Write out the data in full, exactly as shown.

-=-=-

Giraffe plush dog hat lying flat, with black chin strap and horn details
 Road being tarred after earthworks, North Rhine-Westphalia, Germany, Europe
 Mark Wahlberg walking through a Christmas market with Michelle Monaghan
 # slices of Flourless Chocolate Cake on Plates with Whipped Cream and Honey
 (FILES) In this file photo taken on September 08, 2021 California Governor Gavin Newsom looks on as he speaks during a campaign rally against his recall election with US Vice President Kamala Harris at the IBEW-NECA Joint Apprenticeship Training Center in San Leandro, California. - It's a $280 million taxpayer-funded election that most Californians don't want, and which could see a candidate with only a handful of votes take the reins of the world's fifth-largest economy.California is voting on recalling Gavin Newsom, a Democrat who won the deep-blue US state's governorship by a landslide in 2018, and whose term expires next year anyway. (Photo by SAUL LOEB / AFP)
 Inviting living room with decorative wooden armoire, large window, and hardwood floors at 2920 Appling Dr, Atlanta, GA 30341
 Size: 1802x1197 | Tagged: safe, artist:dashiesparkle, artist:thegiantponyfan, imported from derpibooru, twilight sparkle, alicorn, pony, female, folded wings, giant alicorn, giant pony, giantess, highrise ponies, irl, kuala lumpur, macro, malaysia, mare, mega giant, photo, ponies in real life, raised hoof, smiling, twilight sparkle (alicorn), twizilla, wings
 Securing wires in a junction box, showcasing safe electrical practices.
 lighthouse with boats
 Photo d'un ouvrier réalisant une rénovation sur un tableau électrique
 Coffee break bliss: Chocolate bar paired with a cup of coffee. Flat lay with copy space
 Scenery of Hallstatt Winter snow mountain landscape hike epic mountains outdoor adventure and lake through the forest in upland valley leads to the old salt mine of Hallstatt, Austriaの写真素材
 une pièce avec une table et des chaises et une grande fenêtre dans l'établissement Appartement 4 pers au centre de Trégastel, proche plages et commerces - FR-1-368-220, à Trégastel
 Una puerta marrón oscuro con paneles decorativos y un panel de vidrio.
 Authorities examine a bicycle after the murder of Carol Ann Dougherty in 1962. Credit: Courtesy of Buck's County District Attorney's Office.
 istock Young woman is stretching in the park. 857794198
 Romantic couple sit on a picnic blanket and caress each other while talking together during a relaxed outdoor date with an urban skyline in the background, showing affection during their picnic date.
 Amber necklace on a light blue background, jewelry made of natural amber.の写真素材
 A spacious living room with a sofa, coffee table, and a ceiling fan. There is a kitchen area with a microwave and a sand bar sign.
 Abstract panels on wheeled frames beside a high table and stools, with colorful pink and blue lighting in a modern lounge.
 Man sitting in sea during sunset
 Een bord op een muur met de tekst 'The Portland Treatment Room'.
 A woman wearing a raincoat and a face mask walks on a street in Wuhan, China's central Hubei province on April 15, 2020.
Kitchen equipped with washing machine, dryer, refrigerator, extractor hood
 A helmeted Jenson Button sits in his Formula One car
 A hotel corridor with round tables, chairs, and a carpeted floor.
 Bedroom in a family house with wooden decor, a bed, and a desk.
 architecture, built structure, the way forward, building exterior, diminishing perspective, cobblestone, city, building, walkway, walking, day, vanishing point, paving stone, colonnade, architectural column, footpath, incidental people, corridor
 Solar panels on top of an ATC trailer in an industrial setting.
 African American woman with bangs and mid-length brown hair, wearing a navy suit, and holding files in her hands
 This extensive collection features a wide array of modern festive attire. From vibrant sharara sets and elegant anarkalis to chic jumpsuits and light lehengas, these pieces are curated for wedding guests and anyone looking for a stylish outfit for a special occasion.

-=-=-

◆ Written answer ◆
Giraffe plush dog hat lying flat, with black chin strap and horn details
 Road being tarred after earthworks, North Rhine-Westphalia, Germany, Europe
 Mark Wahlberg walking through a Christmas market with Michelle Monaghan
 # slices of Flourless Chocolate Cake on Plates with Whipped Cream and Honey
 (FILES) In this file photo taken on September 08, 2021 California Governor Gavin Newsom looks on as he speaks during a campaign rally against his recall election with US Vice President Kamala Harris at the IBEW-NECA Joint Apprenticeship Training Center in San Leandro, California. - It's a $280 million taxpayer-funded election that most Californians don't want, and which could see a candidate with only a handful of votes take the reins of the world's fifth-largest economy.California is voting on recalling Gavin Newsom, a Democrat who won the deep-blue US state's governorship by a landslide in 2018, and whose term expires next year anyway. (Photo by SAUL LOEB / AFP)
 Inviting living room with decorative wooden armoire, large window, and hardwood floors at 2920 Appling Dr, Atlanta, GA 30341
 Size: 1802x1197 | Tagged: safe, artist:dashiesparkle, artist:thegiantponyfan, imported from derpibooru, twilight sparkle, alicorn, pony, female, folded wings, giant alicorn, giant pony, giantess, highrise ponies, irl, kuala lumpur, macro, malaysia, mare, mega giant, photo, ponies in real life, raised hoof, smiling, twilight sparkle (alicorn), twizilla, wings
 Securing wires in a junction box, showcasing safe electrical practices.
 lighthouse with boats
 Photo d'un ouvrier réalisant une rénovation sur un tableau électrique
 Coffee break bliss: Chocolate bar paired with a cup of coffee. Flat lay with copy space
 Scenery of Hallstatt Winter snow mountain landscape hike epic mountains outdoor adventure and lake through the forest in upland valley leads to the old salt mine of Hallstatt, Austriaの写真素材
 une pièce avec une table et des chaises et une grande fenêtre dans l'établissement Appartement 4 pers au centre de Trégastel, proche plages et commerces - FR-1-368-220, à Trégastel
 Una puerta marrón oscuro con paneles decorativos y un panel de vidrio.
 Authorities examine a bicycle after the murder of Carol Ann Dougherty in 1962. Credit: Courtesy of Buck's County District Attorney's Office.
 istock Young woman is stretching in the park. 857794198
 Romantic couple sit on a picnic blanket and caress each other while talking together during a relaxed outdoor date with an urban skyline in the background, showing affection during their picnic date.
 Amber necklace on a light blue background, jewelry made of natural amber.の写真素材
 A spacious living room with a sofa, coffee table, and a ceiling fan. There is a kitchen area with a microwave and a sand bar sign.
 Abstract panels on wheeled frames beside a high table and stools, with colorful pink and blue lighting in a modern lounge.
 Man sitting in sea during sunset
 Een bord op een muur met de tekst 'The Portland Treatment Room'.
 A woman wearing a raincoat and a face mask walks on a street in Wuhan, China's central Hubei province on April 15, 2020.
Kitchen equipped with washing machine, dryer, refrigerator, extractor hood
 A helmeted Jenson Button sits in his Formula One car
 A hotel corridor with round tables, chairs, and a carpeted floor.
 Bedroom in a family house with wooden decor, a bed, and a desk.
 architecture, built structure, the way forward, building exterior, diminishing perspective, cobblestone, city, building, walkway, walking, day, vanishing point, paving stone, colonnade, architectural column, footpath, incidental people, corridor
 Solar panels on top of an ATC trailer in an industrial setting.
 African American woman with bangs and mid-length brown hair, wearing a navy suit, and holding files in her hands
 This extensive collection features a wide array of modern festive attire. From vibrant sharara sets and elegant anarkalis to chic jumpsuits and light lehengas, these pieces are curated for wedding guests and anyone looking for a stylish outfit for a special occasion.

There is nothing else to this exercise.